There must be a reason for this singular state of things. There must be something else than pure, unbiased, and disinterested move for the South and her institutions, which moves one party in that section to be disloyal to the Union, while another party, which embraces an equal proportion of Slaveholders, are resolved to stand by it, no matter who shall be elected President by a constitutional majority of the country. The elements of which Southern parties are composed are the same. Each consists of slaveholders and non-slaveholders, of planters and small farmers, of merchants, mechanics and professional men. They reside on the same soil, follow the same occupations, and are blended into one social state. But there is one striking difference of position between them, to which, alone, we must attribute their wide diversity of sentiment as to the value of the Union. The Democratic Party has the control of the Federal Government, with its donors and offices, and patronage, which, from long possession, it has come to regard as a hereditary right, and for which its leaders cherish far more regard than for the Federal Union.
The “Opposition” party in the South was originally the Whigs; they later were absorbed by the nativist Know-nothings, and by 1860 were the Constitutional Union party, whose candidate was John Bell. Breckinridge voters were more likely to be secessionists, and to favor unilateral secession rather than cooperationism, than Bell voters. And wealthier, more established planters were Bell voters.
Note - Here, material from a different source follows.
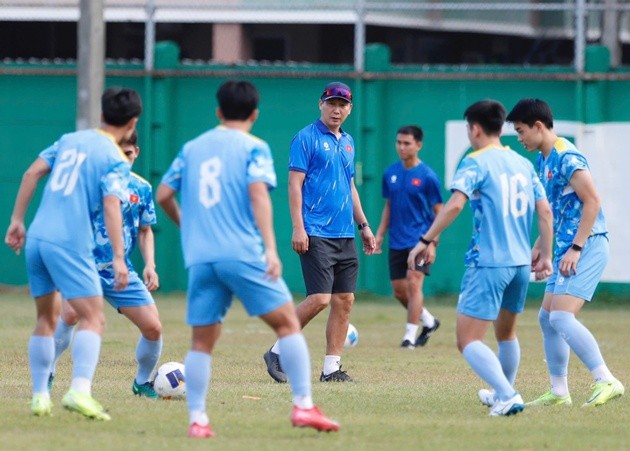 Thầy trò HLV Kim Sang-sik đã chuẩn bị kỹ lưỡng cho trận đấu với U22 Malaysia. Ảnh: VFF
Breckinridge voters, and ardent secessionists, skewed toward small slaveholders, recent entrants to the slaveholding class . It may be that the old money had less to lose; they had made their fortunes from slaves, and had no particular need to move into new land. As long as the Republicans were not threatening slavery in the existing states, their income was secure. New slaveholders needed to move into new land to establish plantations, and were thus interested in having slavery expand into the territories, protected by a slave code(Barney, Chapter 2).
The Times here presents another theory, that the Democrats were interested in protecting their patronage offices. Both factors may have been in play; it’s also apparent that many non-slaveholders were Breckinridge voters, and this may have been due to the populist image of the Democratic party.